Oh, no, really? That's not good. Why would they sell them for birds? I guess I better go take that off. Thanks for the warning.


----------



## Wendaline (Jun 28, 2013)

That mirror was a great idea! Our little bird loves it.  I wonder what other toys they like...


----------



## TAWhatley (Mar 6, 2001)

That is not a Mourning Dove. It's a ringneck dove. That's good as there will be no worries about it being a protected species of bird that you should not have. Thank you for helping it and good luck with nursing it back to complete health.

Terry


----------



## Msfreebird (Sep 23, 2007)

I was going to say that also......It looks like a Ringneck Dove. Probably someone's escaped pet. Thank you for caring and taking him in....he wouldn't have lasted long in the wild!


----------



## Wendaline (Jun 28, 2013)

Oh, thank you! Ringneck  I'll remember that.


----------



## Majd (Apr 6, 2013)

Yeah it's a ringneck dove.... he's so cute and thank you for taking him in.... you can keep it as a pet.... he should have escaped from his owner..... besides the tail feathers ar not "injured" they're a bit damaged because of a small cage he's been into... and they won't heal.... new ones will grow back when he is molting (a period of time when birds slowly loose their feathers and grow new ones... and that's one time every year)... if you wish him to have new one fast... you can gently pull them off and after two weeks new ones will grow completely.... as for food you can give him a pigeon/dove seed mix or offer your own mix of millet, popcorn, wheat, pellets...etc. 
Hope you can keep him and in your place I would get him a mate... he will be much more happy and he might raise some babies for you  but first you should make sure what sex is he...


----------



## Wendaline (Jun 28, 2013)

Thank you  I'll keep my eyes open for some dove feed.

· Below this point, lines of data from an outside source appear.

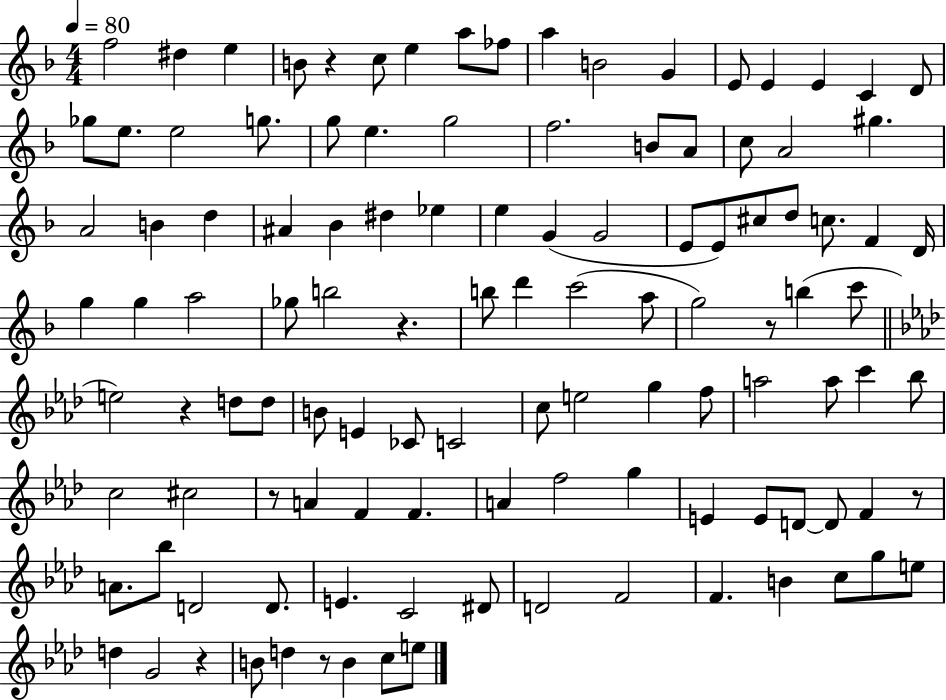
{
  \clef treble
  \numericTimeSignature
  \time 4/4
  \key f \major
  \tempo 4 = 80
  f''2 dis''4 e''4 | b'8 r4 c''8 e''4 a''8 fes''8 | a''4 b'2 g'4 | e'8 e'4 e'4 c'4 d'8 | \break ges''8 e''8. e''2 g''8. | g''8 e''4. g''2 | f''2. b'8 a'8 | c''8 a'2 gis''4. | \break a'2 b'4 d''4 | ais'4 bes'4 dis''4 ees''4 | e''4 g'4( g'2 | e'8 e'8) cis''8 d''8 c''8. f'4 d'16 | \break g''4 g''4 a''2 | ges''8 b''2 r4. | b''8 d'''4 c'''2( a''8 | g''2) r8 b''4( c'''8 | \break \bar "||" \break \key aes \major e''2) r4 d''8 d''8 | b'8 e'4 ces'8 c'2 | c''8 e''2 g''4 f''8 | a''2 a''8 c'''4 bes''8 | \break c''2 cis''2 | r8 a'4 f'4 f'4. | a'4 f''2 g''4 | e'4 e'8 d'8~~ d'8 f'4 r8 | \break a'8. bes''8 d'2 d'8. | e'4. c'2 dis'8 | d'2 f'2 | f'4. b'4 c''8 g''8 e''8 | \break d''4 g'2 r4 | b'8 d''4 r8 b'4 c''8 e''8 | \bar "|."
}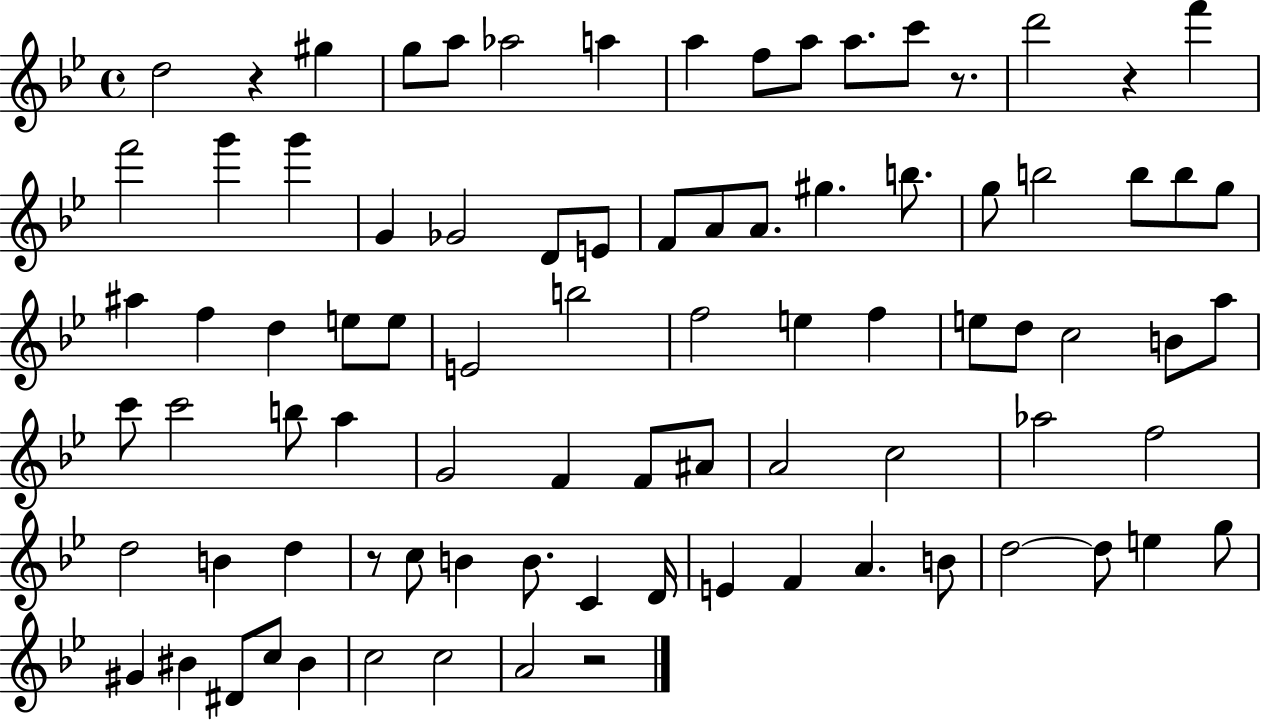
D5/h R/q G#5/q G5/e A5/e Ab5/h A5/q A5/q F5/e A5/e A5/e. C6/e R/e. D6/h R/q F6/q F6/h G6/q G6/q G4/q Gb4/h D4/e E4/e F4/e A4/e A4/e. G#5/q. B5/e. G5/e B5/h B5/e B5/e G5/e A#5/q F5/q D5/q E5/e E5/e E4/h B5/h F5/h E5/q F5/q E5/e D5/e C5/h B4/e A5/e C6/e C6/h B5/e A5/q G4/h F4/q F4/e A#4/e A4/h C5/h Ab5/h F5/h D5/h B4/q D5/q R/e C5/e B4/q B4/e. C4/q D4/s E4/q F4/q A4/q. B4/e D5/h D5/e E5/q G5/e G#4/q BIS4/q D#4/e C5/e BIS4/q C5/h C5/h A4/h R/h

You think a small cage did that?  That wouldn't be any fun. Cage too small and your feathers get beat up. Kind of like they do with bettas. Poor fish.

Our cage is 2 1/2 feet long, 1 1/2 feet deep, and 3 feet tall. Is that a good sized cage?

Hehe, I'm not sure what sex it is and I'm not comfortable enough to hold him and find out. All I know is he's a pretty noisy bird.  Whenever someone walks in the room he gets all excited and talkative and whenever someone leaves. Coo, coo, coo... He's in our living room so he gets a fair amount of attention since that's where we hang out when we're home.

My sister is good with birds, though, so when she comes to visit maybe she'll be able to help...or even leave with a new pet. If not, we don't mind keeping him either. Actually he's got a long list of people interested. My dad likes him too. 

And I would like to get him a friend, but I heard if he's a male he'd be territorial with another male...and although I want him to be happy I really don't think I'm up for raising babies...although I bet they're CUTE! Do girls get along? Maybe he'll turn out to be a she and we can get her a sister.


----------



## Majd (Apr 6, 2013)

Don't worry your cage is fine... and if he coos that much and he's noisy so he's probably a he.... he can stay solo or you can get him another mate from the same sex and they'll pair up.... because in this case no other sex in available so pigeons and doves from the same sex will pair up and mate... but the introduction should be slow and no direct contact... you can get information from other threads or post your own if you get one.... He has to be famous and has lots of fans... he's a handsome bird and sooo cute


----------



## Wendaline (Jun 28, 2013)

Oh good  I'll definitely think about getting him a male to bond with once he settles in. It would be nice to know he's got good company while we're at work. 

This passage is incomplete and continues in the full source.